Return, exactly and with nothing added, the line with "Майка Print Bar" together with all lines after it through the end of the data below. No pictures belong in the copy.

Image-caption web data
⁂

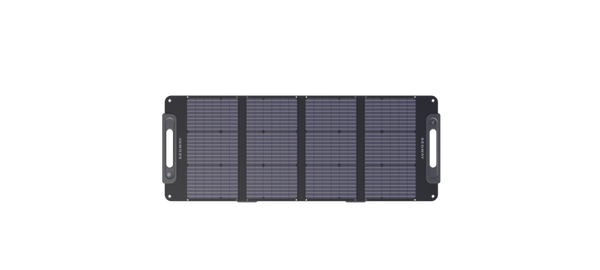 Segway SP100 aurinkopaneeli (100W)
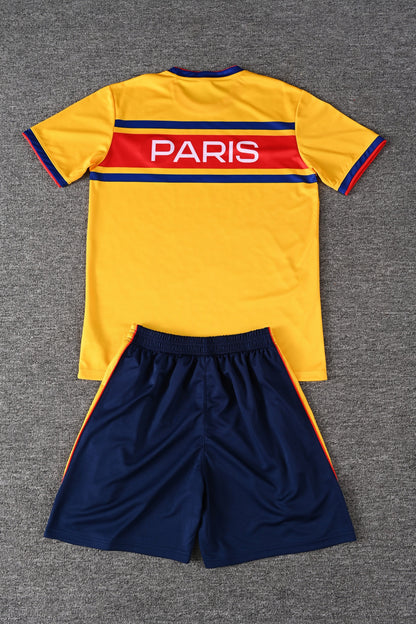 2627 PSG short sleeve Training Kit 2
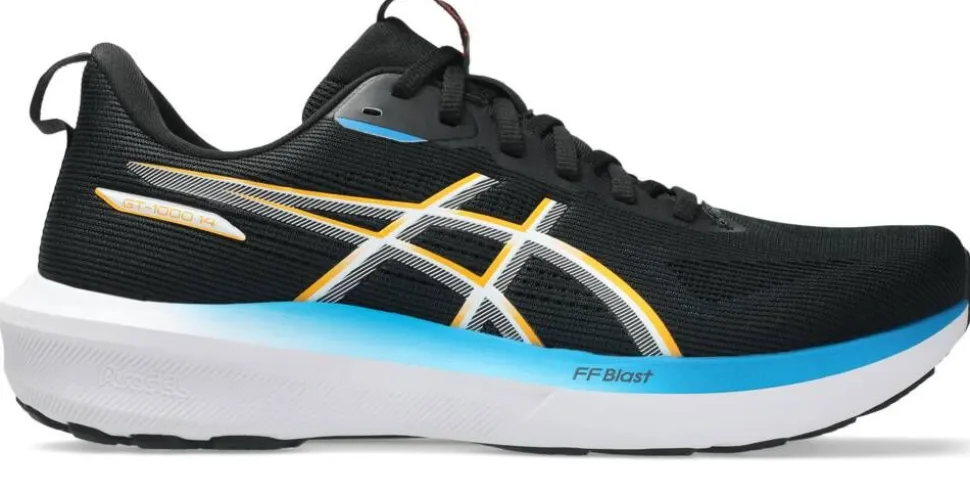 Asics juoksukengät Gt-1000 14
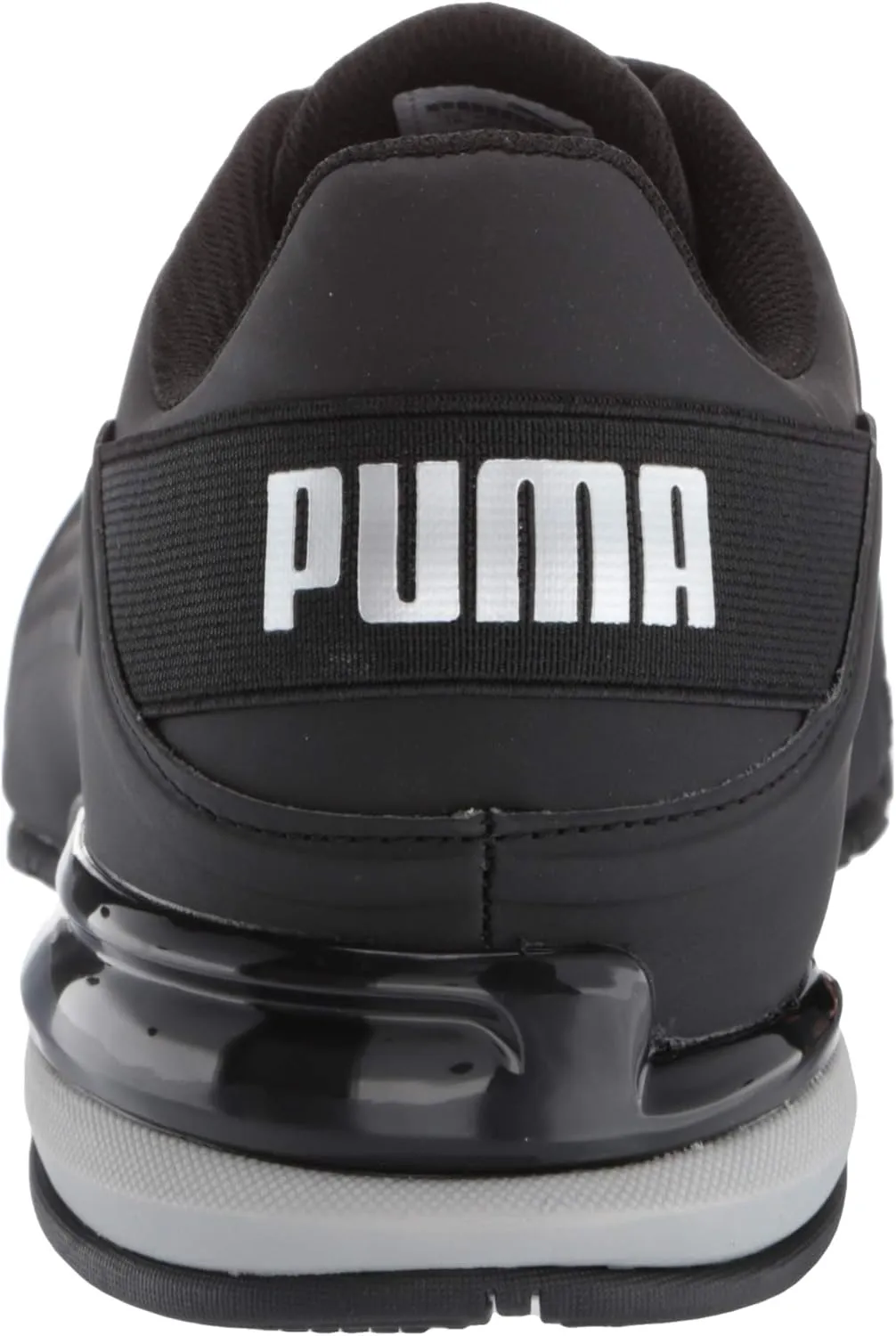 PUMA Men's Viz Runner Cross-trainer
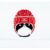 Gilbert Rugby Gilbert Octane Headguard – Senior – Size: Medium – Red/White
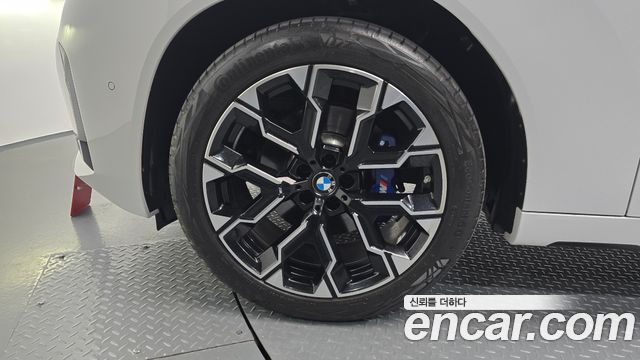 BMW X3 2026 — photo 5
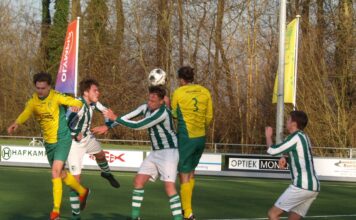 Overwetering - Hector | foto; Gerrit Krijt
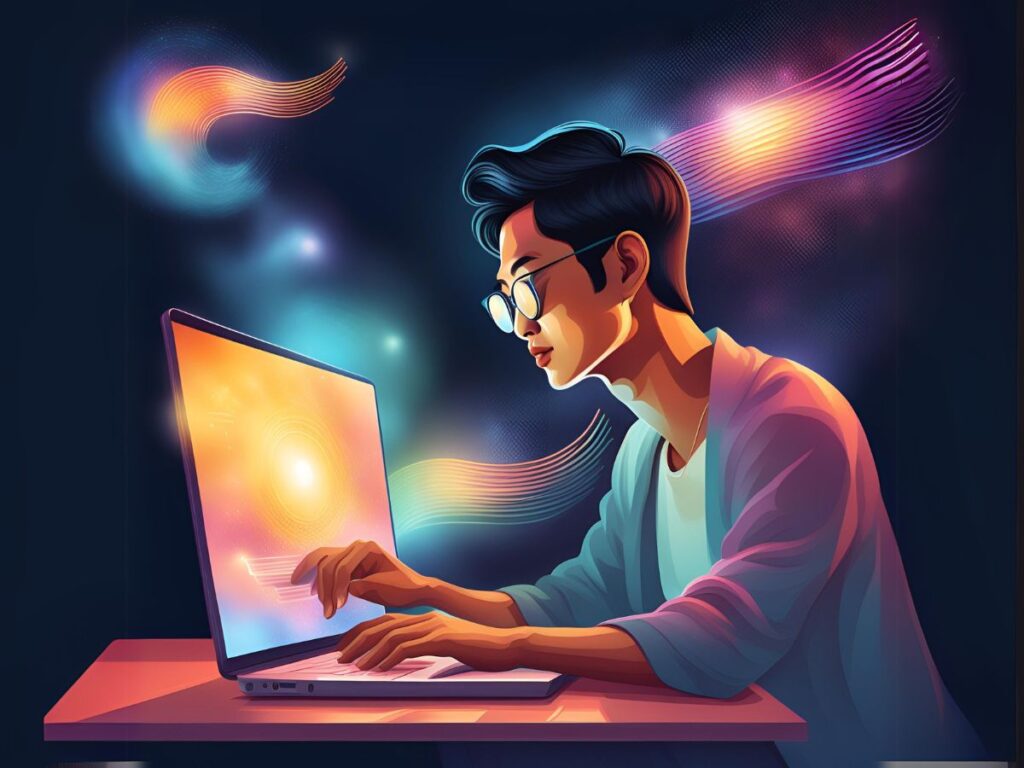 Riding the Wave: Understanding the Exciting Digital Marketing Future Growth 2 digital marketing future growth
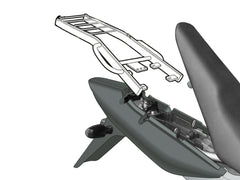 SHAD Motorcycle Top Box Fitting Kit for Honda CBF250 (2004-2008)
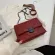New Soft Pu Leather Women Crossbody Bags Chain Ladies Oulder Mesger Bags Ca Totes Fe Ss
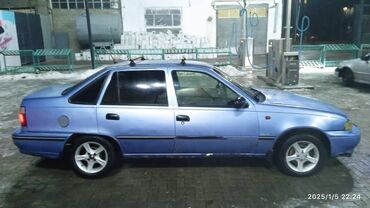 Daewoo: Daewoo Nexia: 2006 г., 1.6 л, Механика, Бензин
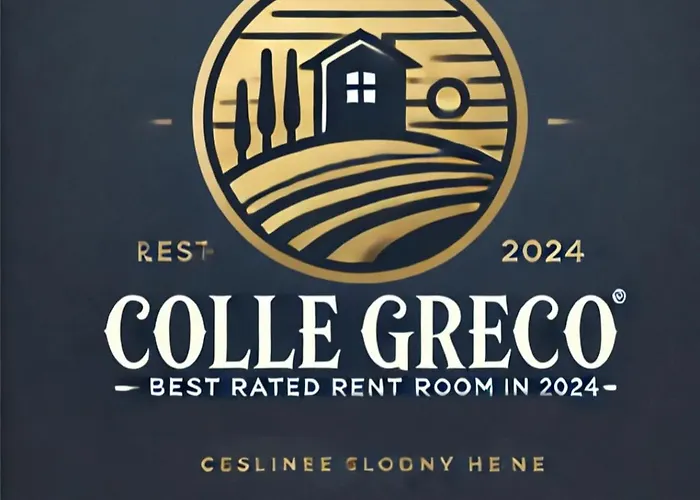 Colle Greco Agrigento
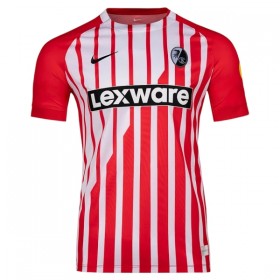 Camisola SC Freiburg Equipamento Principal 2026-27 Manga Curta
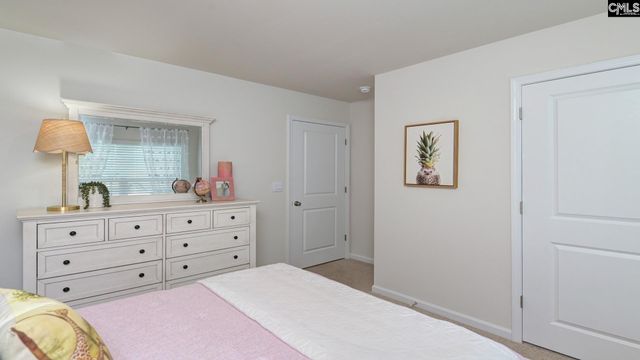 349 Bevington Brook Lane, Hopkins, SC 29061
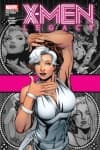 X-Men Legacy (2008) #225 (90'S DECADE VARIANT) cover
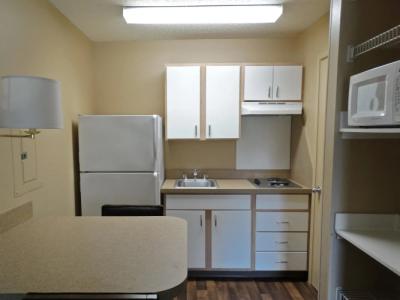Extended Stay America Suites - Dallas - Coit Road - 21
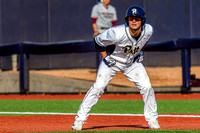 NCAA Baseball: Virginia Tech Hokies at Pitt Panthers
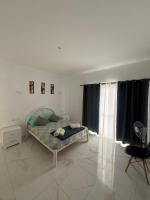Doppelzimmer mit eigenem Bad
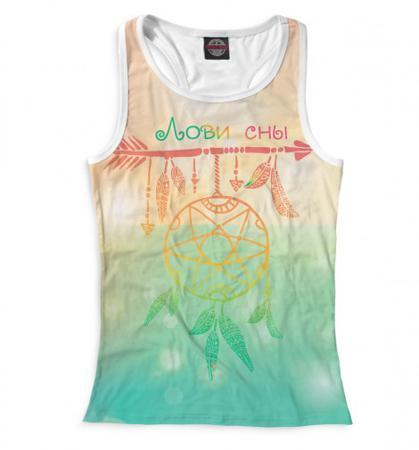 Майка Print Bar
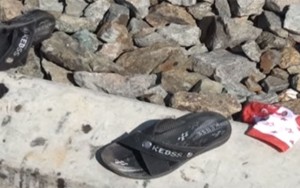 “Mənə mesaj yazmışdı” - 2 uşağı ilə intihar edən Pərvanənin anası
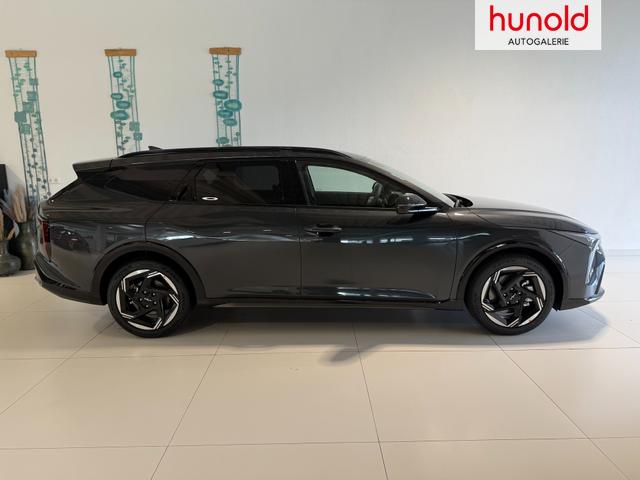 Kia K4
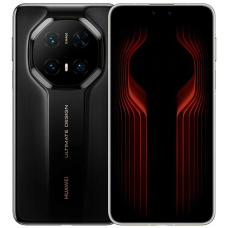 Купить HUAWEI Mate 70 RS Ultimate 16/512GB Black HUAWEI Mate 70 RS Ultimate 16/512GB Black
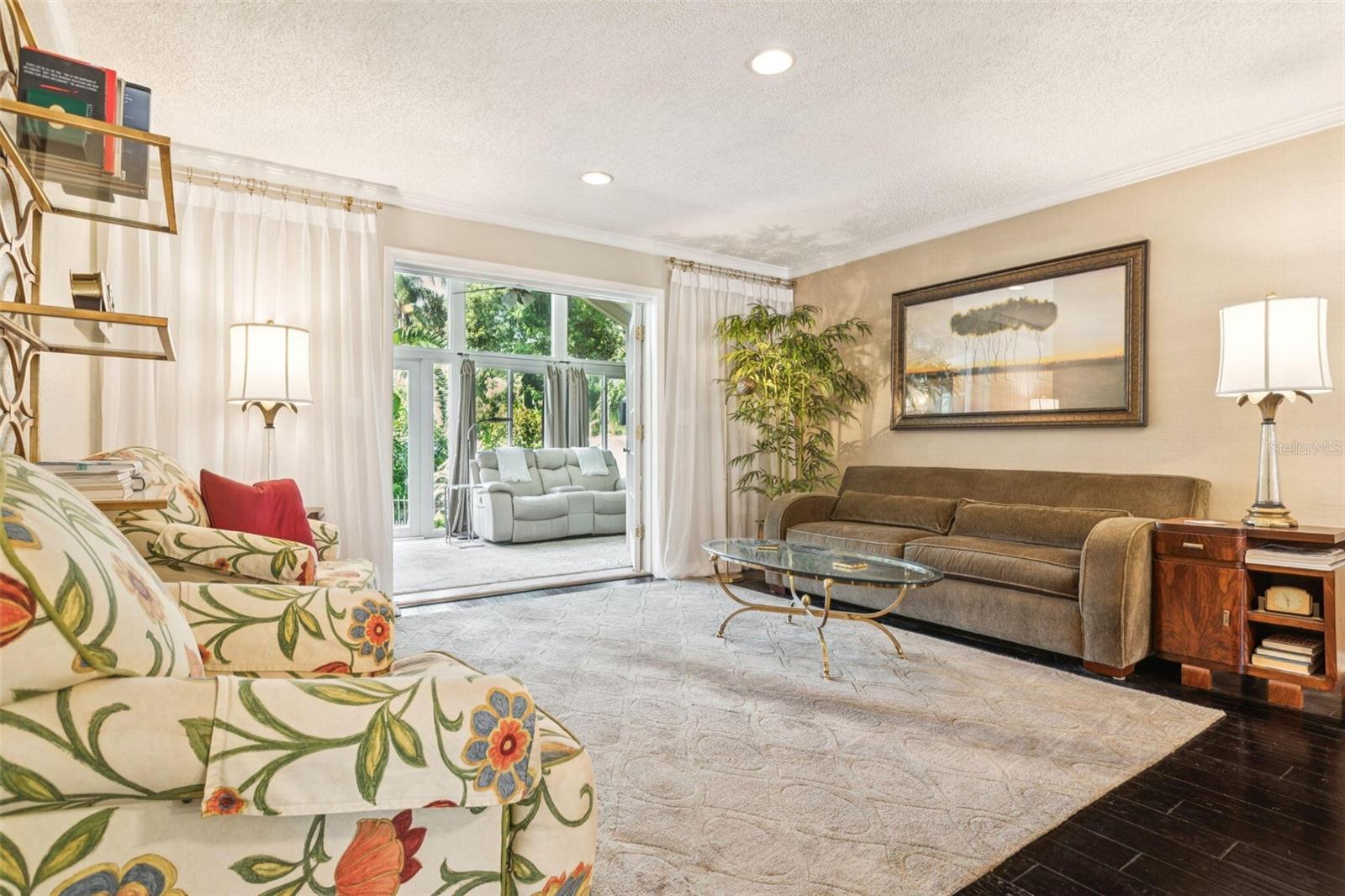 3404 W VILLA ROSA ST, TAMPA, FL, 33611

⁂

EXPECTED ANSWER.
 Майка Print Bar
 “Mənə mesaj yazmışdı” - 2 uşağı ilə intihar edən Pərvanənin anası
 Kia K4
 Купить HUAWEI Mate 70 RS Ultimate 16/512GB Black HUAWEI Mate 70 RS Ultimate 16/512GB Black
 3404 W VILLA ROSA ST, TAMPA, FL, 33611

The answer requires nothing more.